Billet : Vous avez dit boomer ?

Par Alain Kaminski

J’avais toujours pensé qu’un boomer était une personne née pendant le baby-boom de l’après-guerre, un septuagénaire comme moi par exemple. Et bien ce n’est plus cela du tout et j’en ai fait l’amère expérience lors d’un récent débat avec Sarah, ma fille, qui m’a gentiment « traité » de boomer.
Et d’ajouter que je suis, paraît-il, quelqu’un qui pense que c’était toujours mieux avant ! Le débat était animé car elle et moi parlons deux langues aussi différentes que le swahili et l’islandais avec pour elle des mots venus de je ne sais où et moi mon amour de la grammaire, de la belle syntaxe, avec la vigilance nécessaire face aux barbarismes et aux solécismes toujours en embuscade, si bien que parfois je ne la comprends plus du tout. Elle me dit qu’elle appelle ses copines en roaming, qu’elle sauvegarde sur son cloud, j’en passe et des meilleures.
Je serai donc un boomer.
Je lui ai demandé de me retirer des applications inutiles sur mon smartphone ou mon iPhone, je ne sais plus, et la réponse a fusé : « Mais papa, je t’ai déjà dit cent fois que tu les avais par défaut. »
Chez elle, sur une table basse, on trouve des télécommandes en quantité industrielle dont l’usage m’est décrypté par Rachel, ma petite-fille âgée de 8 ans.
Je pense que je suis effectivement, et pour toute ma descendance, un boomer.
Mais soudain j’entends : « Papy, je change, je vais sur Netflix ! » C’est mon petit-fils Roman, 5 ans, en utilisant une autre télécommande, quand il ne me parle pas de télécharger, de mettre en pause etc. Mais que m’arrive-t-il pour entendre dire en un lieu si éclairé où règnent la paix, la concorde et l’harmonie « Maman ! Papy il ne sait même pas allumer la télé ! » je comprends alors qu’on ne me donne même pas une chance d’être un apprenti !
J’ai donc bien compris qu’on avait officialisé mon statut de boomer.
Et pourtant, j’ai fait des efforts mais rien à faire, leur replay, leur podcast, leur streaming, ce sont ces gosses qui, lentement mais sûrement, ont fait de moi ce boomer. Je pense que le temps qu’il me faudra pour comprendre tout cela permettra à ma petite-fille Anna, âgée de deux mois, d’apporter sa pierre et je compte déjà sur elle, eu égard au manque de patience avéré de son grand frère et de sa grande sœur.

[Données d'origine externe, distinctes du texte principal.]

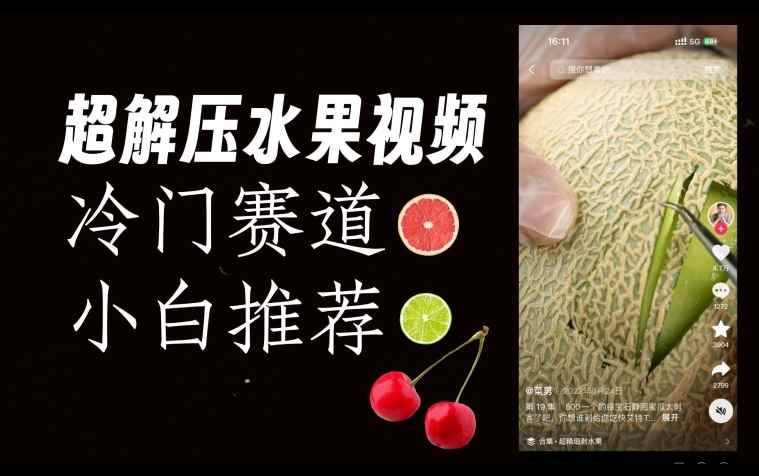 超冷门抖音赛道，水果解压视频0风险，非常容易爆火【揭秘】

Mais le boomer que je suis a eu droit avec Sarah, sa fille unique et adorée, a une surprise que d’aucuns pourraient dire que c’est le pompon. Il paraît qu’il y a le metavers ! Il me permettrait d’avoir un nouveau costume mais sans l’avoir vraiment tout en l’ayant quand même.

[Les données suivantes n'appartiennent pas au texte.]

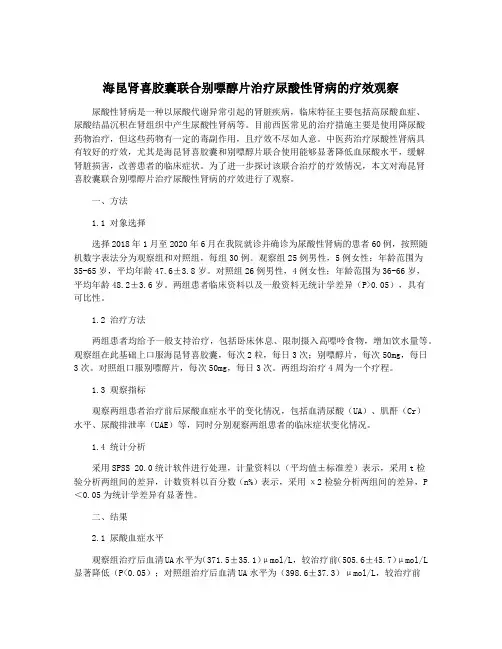 海昆肾喜胶囊联合别嘌醇片治疗尿酸性肾病的疗效观察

Comprenne qui voudra ou plutôt comprenne qui pourra.
C’est un costume virtuel. Je pourrai l’acheter avec un certificat non pas de garantie mais numérique qu’elle appelle un NFT, « un jeton non fongible », dit-elle, donc rien à voir avec votre jeton de caddy et ainsi…j’ai mon costume.

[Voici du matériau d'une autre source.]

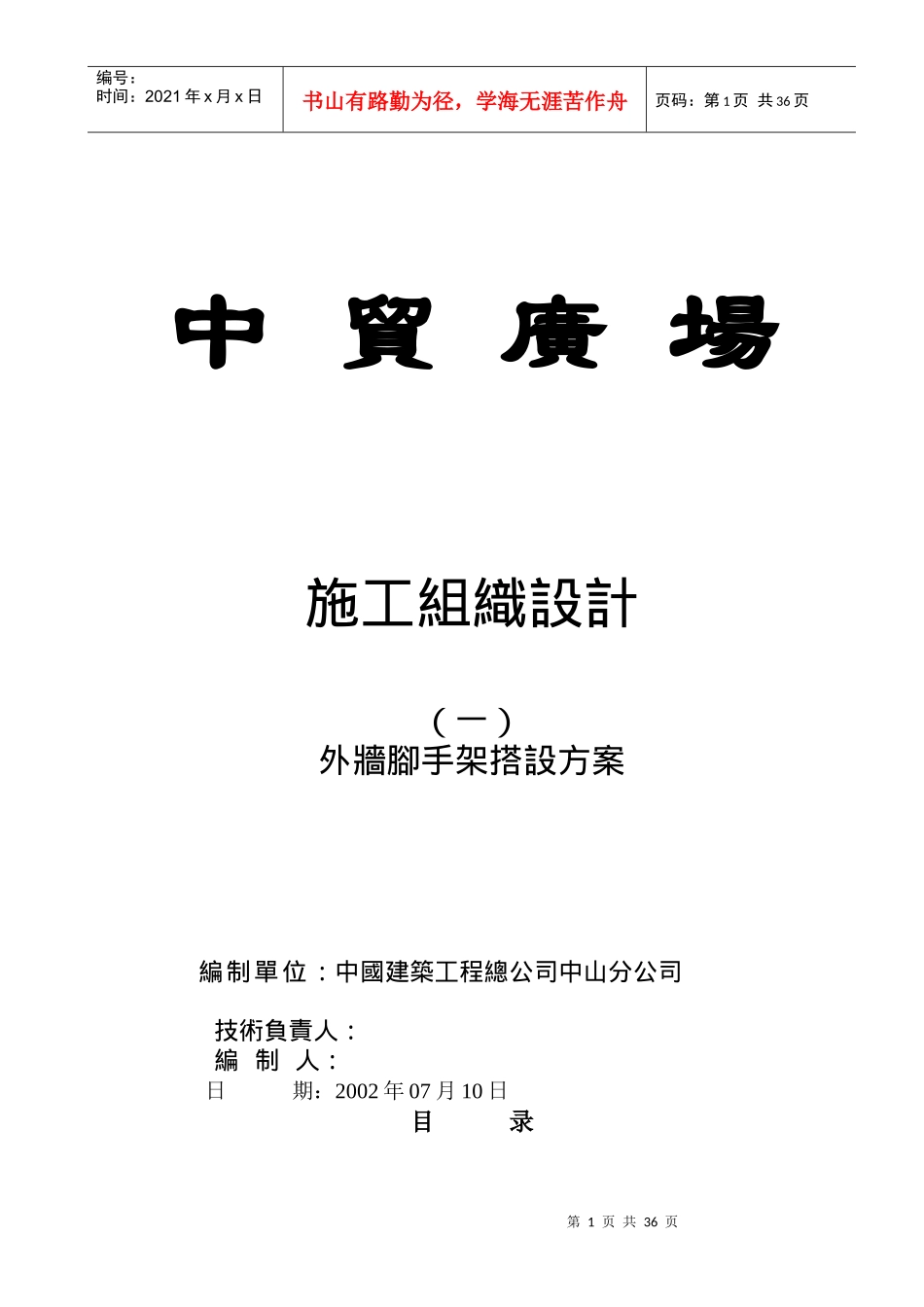 中贸广场脚手架施工方案_第1页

Je lui ai demandé si je l’aurai pour une prochaine bat-mitzvah, un prochain mariage dans la famille, mais figurez-vous qu’il est virtuel.
Elle a sans doute raison, je suis définitivement un boomer, à défaut de me demander si je ne suis pas déjà moi-même un peu virtuel.
Mais ce n’est pas tout, je pourrais même me le payer, mon costume… avec de la cryptomonnaie, ajoute-t-elle, d’un sourire non dissimulé.
Bon, j’en ai marre, je m’installe devant l’ordinateur pour voir si Ameli m’a bien remboursé ma dernière ordonnance avec le nouveau dosage d’Irbesartan/Hydrochlorothiazide 300mg/12,5mg pour ma tension. Impossible, je m’énerve et j’entends « Mais papy, t’es sur l’ordi de papa, il faut que tu te déconnectes, puis que tu te reconnectes avec ton identifiant et ton mot de passe. »
Ça devient insupportable cette vie de boomer, je retourne sur le canapé et je pense, je réfléchis, je doute, tout en essayant de ne pas fustiger la technologie à l’instar d’Alfred de Vigny qui refusait le chemin de fer quand il écrivit son magnifique poème… Adieu voyages lents.